Frequency-dependent Shear Wave Splitting and Layered Anisotropy Beneath the Eastern Margin of North America

The mantle fabric beneath eastern North America records past deformational events associated with its complex tectonic history, including the assembly and subsequent rifting of Pangaea, in the lithosphere as well as current mantle dynamics in the asthenosphere. Observations of seismic anisotropy offer insights into these past tectonic events as well as into modern-day mantle flow.
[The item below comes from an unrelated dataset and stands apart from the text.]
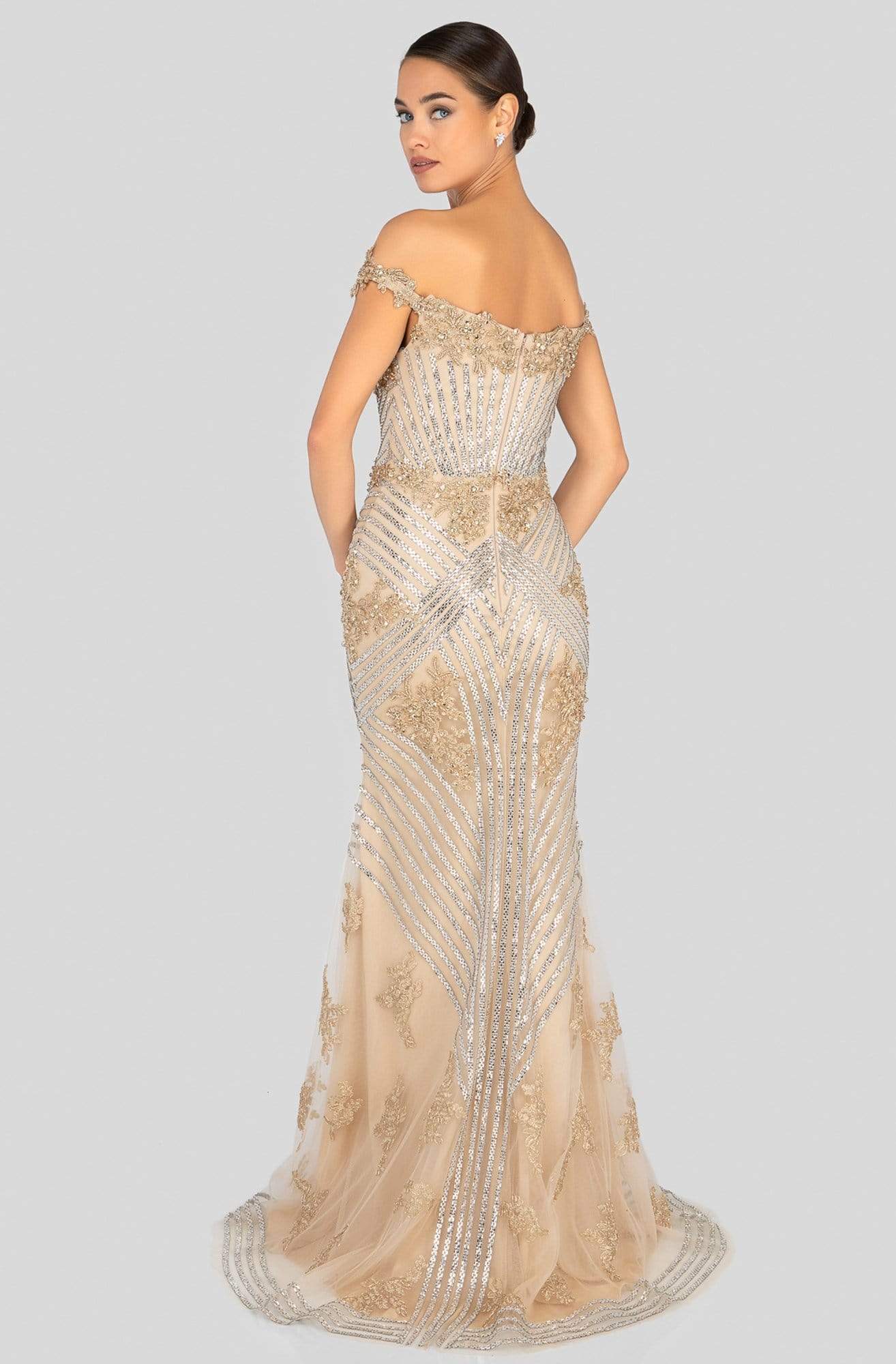 Terani Couture - 1912GL9572 Sparkling Off-Shoulder Mother of the Groom Gown - back view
We measure shear wave splitting of core-refracted, teleseismic phases at EarthScope Transportable Array, Eastern North American Margin Community Seismic Experiment, and national seismic network stations spanning from central Georgia to southern Virginia along the passive margin in three frequency bands: low (0.02-0.1 Hz), mid (0.1-0.2 Hz), and high (0.2-1 Hz), to constrain the relative contributions from lithospheric and asthenospheric anisotropy to the observed anisotropic signals. These stations provide lateral coverage from the Appalachian Mountains to ~400 km offshore spanning the full passive margin. We observe clear evidence of frequency-dependence with predominantly null measurements in the low frequency in contrast to strong splitting in higher frequencies, suggesting the presence of vertically varying anisotropic structure. At the mid and high frequencies, we see a change in fast splitting directions from ~NE-SW or E-W in the continental interior to nearly N-S (margin parallel) along the coast, although some variations across frequencies exist. For stations with >10 years of data coverage, we model multi-layered anisotropy beneath the margin using all 3 frequency bands.